Auto Parts & Equipment Rs. 197.50 Buy at CMP and add on declines Rs.179 - 183 Rs.234.5 & Rs.264 2-3 quarters

Company Description: Talbros Automotive Components Ltd (TACL) is the flagship manufacturing company of the Talbros group established in 1956 as a gasket supplier. Promoted by Talwar Family in 1956, the company supplies to OEMs across 2Ws, 3Ws, PVs, CVs and Farm Equipments. The product portfolio for the company along with its 3 JVs include gaskets, forgings, suspension systems, anti-vibration products & hoses. TACL has three JVs - Nippon Leakless – producing automotive gasket, Magneti Marelli - producing suspension system and Marugo Rubber Industries - producing anti vibration parts. It is a market leader in gaskets with a 38% market share. TACL has a diversified clientele spread across OEMs, exports and after market and its top 5 clients account for 40% of its revenue.

Investment Rationale:

New products like heat shields and post coated gaskets under technical collaborations to boost company’s revenue growth.

Large export orders and company’s attempt to foray in the foreign OEM market of gaskets increases visibility.

Strategic measures like transfer of materials business & reducing employee count will lead to cost efficiencies.

GST to help company increase its aftermarket business and help it improve its working capital position.

Hedged business profile, strong clientele and business partnerships with strong JV partners have helped the company stay in green over years.

Concerns:

Adverse fluctuation in RM prices may impact company’s margins.

High current utilization levels requires capex to be incurred by the company to grow further.

With increase in OEM business share, company may face stretched working capital.

Slowdown in the user auto industry could affect growth prospects.

Rising popularity of Electric cars may impact company’s business.

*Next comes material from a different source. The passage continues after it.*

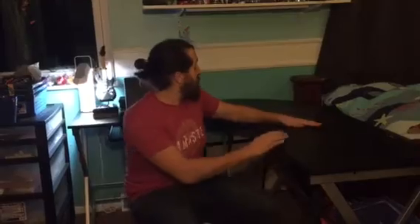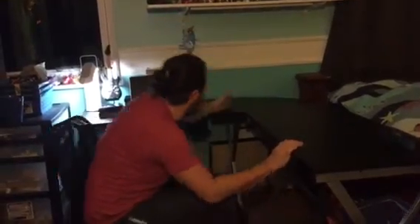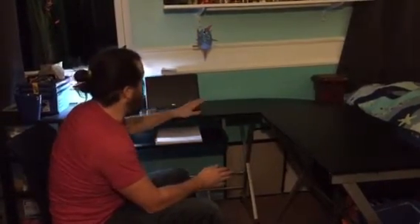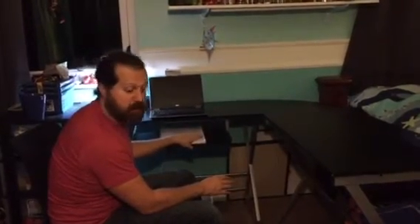It has a black laminate top, and for the corner it comes with a keyboard drawer. Our son, whose room we've set this up in, uses a laptop, so the laptop is here and he takes notes or uses notepads or drawing pads on the keyboard tray, so it's still very useful.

View and Valuation: TACL is the leader in the domestic gaskets market (38%) and has been in this business for 7 decades. It has set up three JVs with world leaders, all of which support the auto sector. With its business catering to the auto sector, TACL is expected to grow with the growing auto sector in the forthcoming fiscals. TACL has entered into technical collaborations with foreign players from Japan and USA to increase its product portfolio without cannibalization and also has adopted a number of cost reduction measures which are expected to help company not only increase its revenues but also expand its margin profile. With strong clientele in the OEM market and increasing share in the aftermarket due to introduction of GST, company’s core standalone business is set to grow in the near future. With increased revenue prospects and better margin profile, company is expected to increase its profit at a CAGR of ~23.9% over next two years which would help it attain better valuations going forward.

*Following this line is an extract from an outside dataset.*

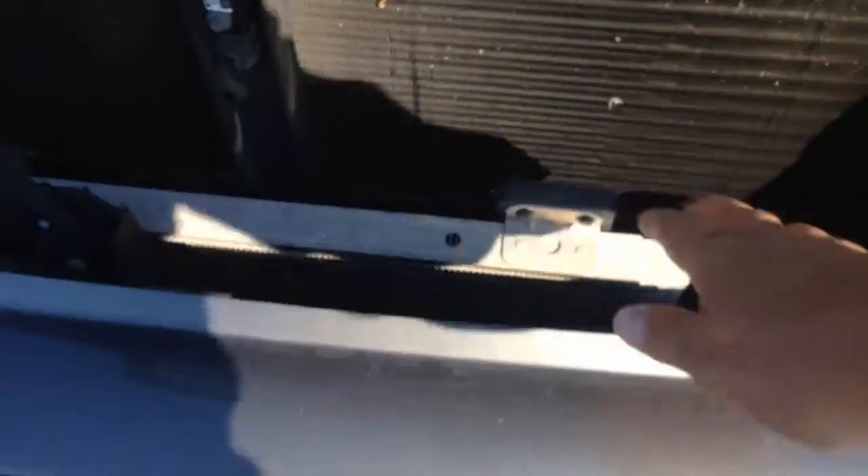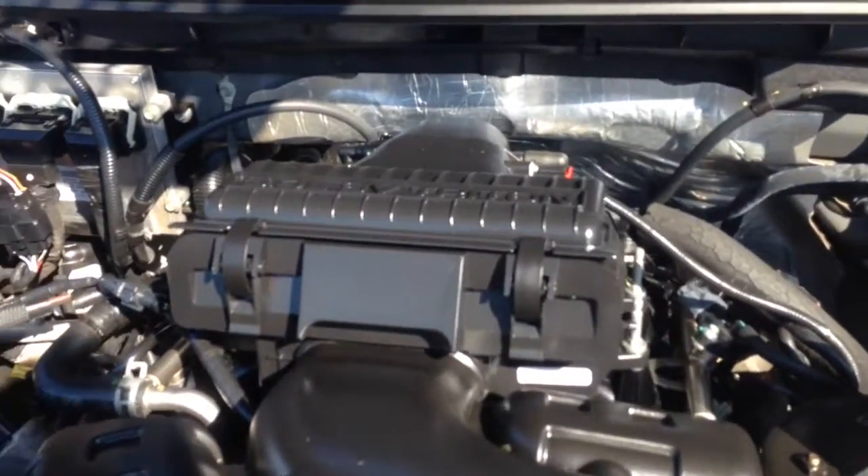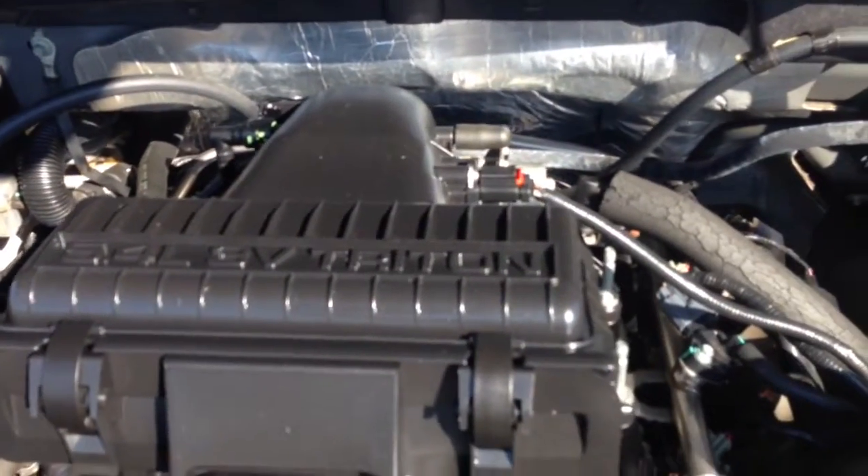Greg Laster again here at LaGrange Toyota. Going to give you a quick preview under the hood of this 2007 Ford F-150. As you can see, it does have a transmission cooler in it. It is a Triton 5.4 liter V8.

HDFC Scrip Code TALAUTEQNR

BSE Code 505160

NSE Code TALBROAUTO

Bloomberg TALB IN

CMP Rs.197.50

Equity Capital (Rs crs) 12.4

Face Value (Rs) 10.0

Equity Share O/S (crs) 1.24

Market Cap (Rs crs) 243.9

Book Value (Rs) 27.4

Avg. 52 Wk Volumes 13951

52 Week High 226.0

52 Week Low 116.2

Shareholding Pattern % (Jun 30, 2017)

Promoters 56.6

Institutions 2.4

Non Institutions 41.0

Total 100.0

Fundamental Research Analyst CA Arpit Bhatt [email protected]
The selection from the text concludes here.